New GM David Stearns sets fresh tone for retooling Brewers
MILWAUKEE (AP) Nearly a week into his tenure with the Milwaukee Brewers, new general manager David Stearns is beginning to set a fresh tone for a franchise in transition.
This has been a busy period for Stearns, who was hired on Sept. 21 but only officially began with the Brewers this week as he transitioned out of his previous job as an assistant GM for the Houston Astros.
”Acquire, develop and retain the best young talent in baseball,” said Stearns, sounding like a CEO. ”That’s our goal to create an organization and a team that can consistently contend for postseason appearances and World Series appearances.”
Owner Mark Attanasio sought someone with a more analytical background in finding a replacement for baseball lifer Doug Melvin, who announced in August that he was moving into an advisory role in the front office.
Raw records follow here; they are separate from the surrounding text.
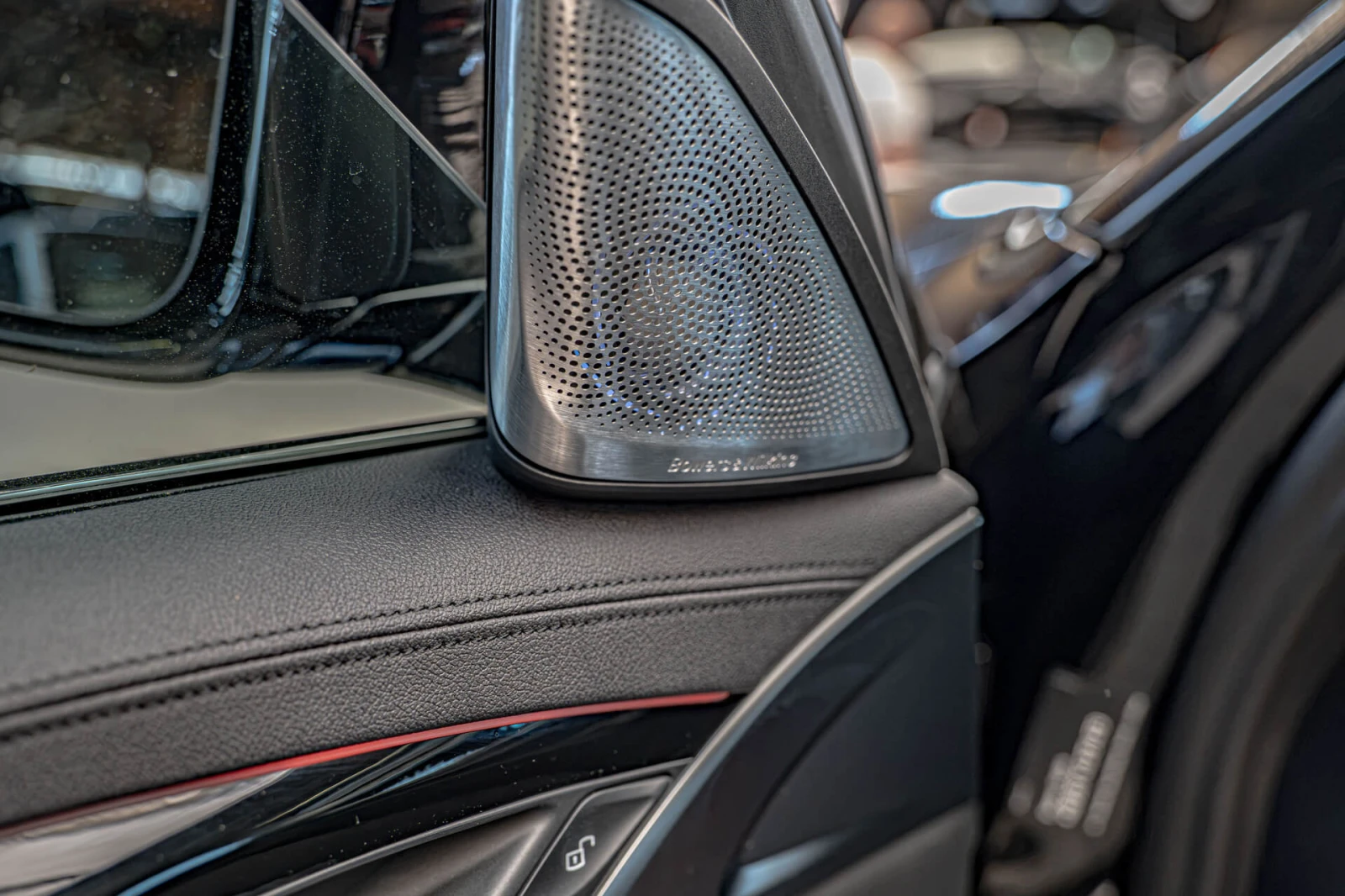 BMW M5 4.4 V8/HuD/Bower&Wilkins/���������/������/ | Mobile.bg � ����������� 9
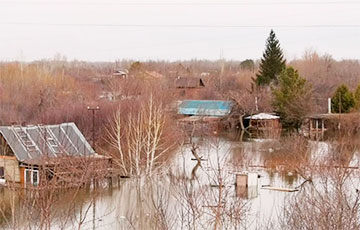 Россиян призвали срочно бежать из Орска и Оренбурга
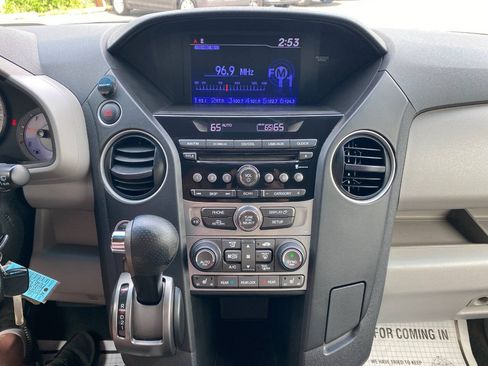 Used 2013 Honda Pilot EX-L image 15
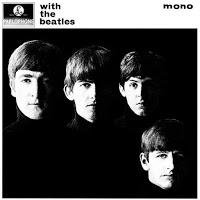 THE BEATLES - WITH THE BEATLES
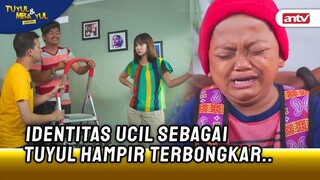 Semua Gara-Gara CCTVnya Om Rocky Nih!! | Tuyul dan Mbak Yul Reborn ANTV Eps 22 (FULL)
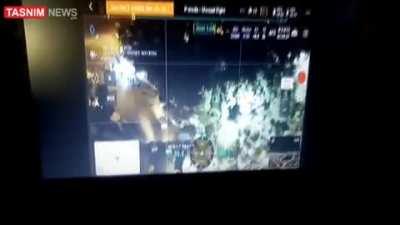 Iranian police arrest troublemakers in Kurdistan region of Iran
The 30-yar-old Stearns already has an extensive resume working in front offices and the commissioner’s office in New York. Among his initial priorities in this first busy week going through the search process of filling out manager Craig Counsell’s coaching staff and getting to know others in the baseball operations department as he figures out the rest of the front office.
There’s a team on the field to retool, too.
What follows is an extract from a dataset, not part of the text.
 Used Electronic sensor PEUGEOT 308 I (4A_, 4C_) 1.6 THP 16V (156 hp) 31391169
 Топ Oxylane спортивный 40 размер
”There’s a long list of stuff … we haven’t even gone close to getting there,” Counsell said Thursday. ”For me, it’s a fun part of it really.”
Counsell and his new boss spent Wednesday night talking baseball while watching the NL wild-card game between the Cubs and Pirates, two of the Brewers’ rivals in the NL Central. Throw in the 100-win Cardinals and the division is loaded.
”We want to be a part of that. We want to make this division better,” Stearns said.
Some top issues facing Stearns in his first offseason in Milwaukee:
BRAUN’S BACK: Stearns said that as of Thursday, star slugger Ryan Braun had not had yet scheduled a surgical procedure on his back. With the Brewers well out of contention, Braun was shut down for the final week of the season because of the injury, though the team is confident the former NL MVP will be 100 percent in 2016.
Next season, Braun also enters the first year of the five-year, $105 million extension that he signed in 2011. As of now, Braun is the only player signed beyond 2017, Stearns said, though that could change if the Brewers give an extension to catcher Jonathan Lucroy.
”Ryan has been an integral part of this organization for years. I don’t necessarily see that changing,” Stearns said.
LUCROY: The fan favorite missed six weeks early in the season with a broken toe and missed time in September with a concussion. Stearns declined to discuss specifics when asked about the possibility of an extension for Lucroy, but said ”Jonathan is the type of guy we like to have here.”
Lucroy, 29, is under contract through next season with a club option for 2017.
CENTER AND THIRD: The Brewers seem to be set at the corner outfield positions with Braun and Khris Davis, whose 21 homers after the All-Star break were second in the National League in that stretch only to Colorado’s Carlos Gonzalez (27). But center field remains a question following the trade of Carlos Gomez to Houston. Domingo Santana, a power-hitting prospect who came from the Astros in the deal, started 21 games in center, though he’s better suited to play a corner.
Third base is another position that the Brewers might be looking to fill from outside the roster. Hernan Perez is a slick fielder but not a power bat and Elian Herrera seems better suited for a utility role. Jason Rogers might be the best in-house candidate after hitting .296 with four homers off the bench, though he needs to improve defensively.
PITCHING: The Brewers do like the promise that rookie starters like Taylor Jungmann and Zach Davies showed during the season. They’re confident in the back end of the bullpen with veteran closer Francisco Rodriguez and hard-throwing setup men in Jeremy Jeffress and Will Smith.
”There are pieces here on which to build,” Stearns said. ”We just need to isolate those and figure out how best to build around them.”